IBM spells out strategy for Informix

IBM has been putting more meat on the bones of its proposed acquisition of Informix Software.

IBM has been putting more meat on the bones of its proposed acquisition of Informix Software.

Big Blue will pay $1bn (£0.69bn) cash for all of Informix's database assets - 2,500 people, 100,000 customers and technology.

"Software is an important growth area for the IBM company," said Steve Mills, senior vice-president and group executive, IBM Software. "The adding of Informix's database business to our software data management business effectively doubles our position in the marketplace for distributed databases."

For Mills, distributed databases are those running on Unix and Windows-based systems. And IBM now believes it will be able to steal a march on rival Oracle.

"I think it [IBM] is a serious threat to Oracle," said Charlie Garry, senior program director for database research at the Meta Group. "In the long term, I think Oracle could be in trouble unless it does something about its pricing model."

IBM anticipates that the deal will be completed in the third quarter. It is also adamant that existing Informix customers will be unaffected by the purchase, and claims there will be no redundancies. The company is claiming that one of the main benefits it gets from the deal will be Informix's technical and development staff.

"IBM really only want the development assets and some of the support assets," said Garry, but he predicted 20% redundancies as a result of the takeover.

IBM's DB2 Universal Database will remain its core product. New projects being worked on at Informix will now be shelved. The companies have promised to continue supporting and updating Informix products and, as of yet, there are no plans to migrate Informix users over to IBM.

Last September, Informix announced that it was establishing a new subsidiary, Ascential Software, to deal solely with its solutions-based business. Ascential will now go it alone as an independent company, although it has signed a deal with IBM that will see the pair collaborating on the sales, marketing and development of some products.

Barbara Stanley, Northern European managing director at Informix, believes the establishment of Ascential was coincidental, although it is understood that IBM and Informix have been in talks for some months. "This obviously hasn't happened overnight," she said. "It's easy to make those judgments with hindsight [that the company planned to sell out when it formed Ascential].

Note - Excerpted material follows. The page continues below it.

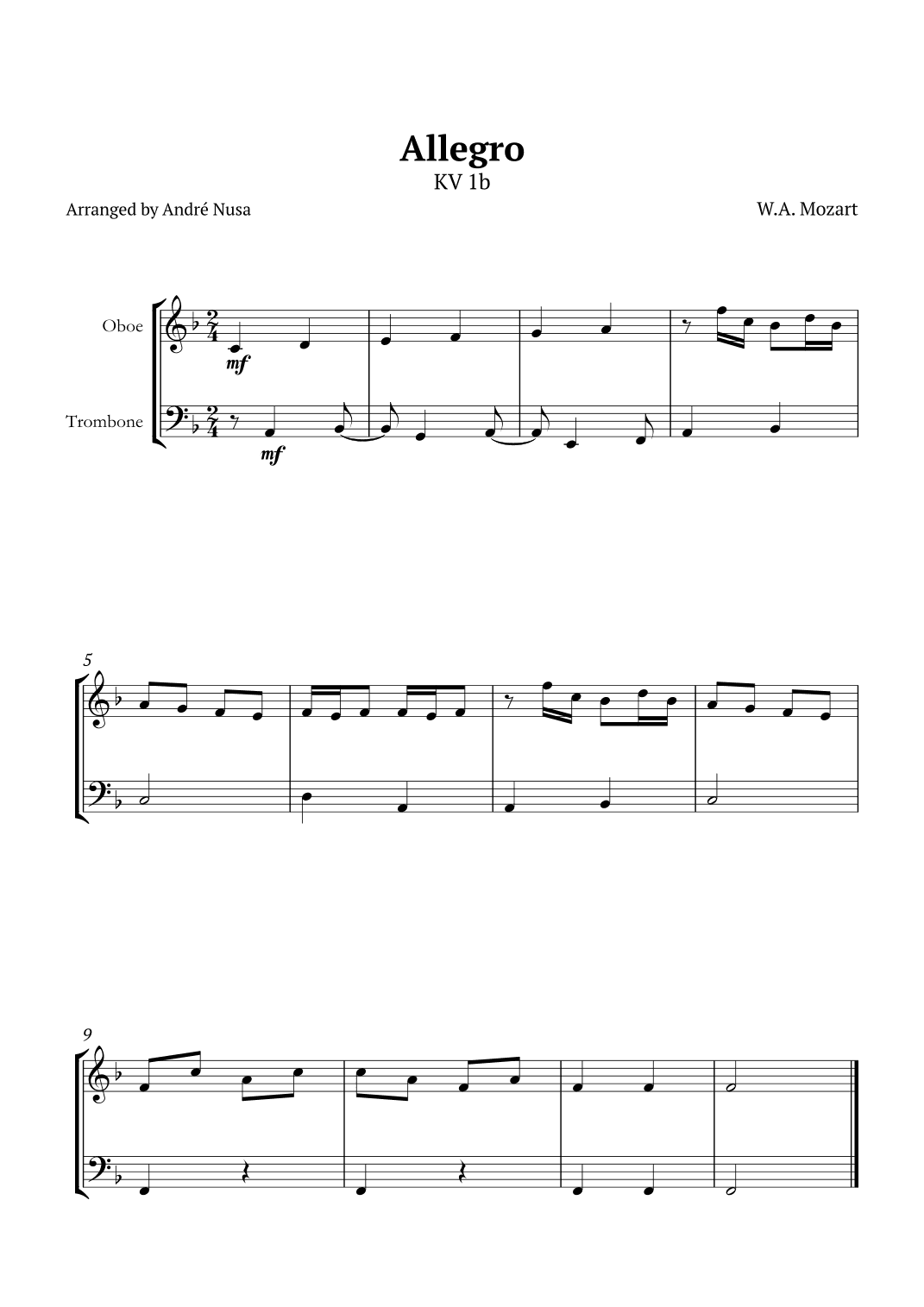 Allegro K1b (arr. André Nusa)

"IBM has a good growth strategy that it is looking to implement as quickly as possible, and it saw that Informix could bring that to the game," said Stanley.

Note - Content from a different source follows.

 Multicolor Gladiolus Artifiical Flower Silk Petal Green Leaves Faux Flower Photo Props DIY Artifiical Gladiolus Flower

The deal appears to offer many synergies, but Meta's Garry was initially sceptical when he heard the news. "My first impression was 'what the hell has it [IBM] done that for?'" he said. "In some combinations there's some overlap, but in this instance it's total overlap."

Janet Perna, general manager for the IBM Data Management Software division, will head up the combined database business. The future of Informix's senior executives is unclear. "This is work in process now and we hope to retain a large part of the executive team and integrate them in to the Data Management Software division," said Perna.

IBM anticipates that the acquisition will be completed in the third quarter.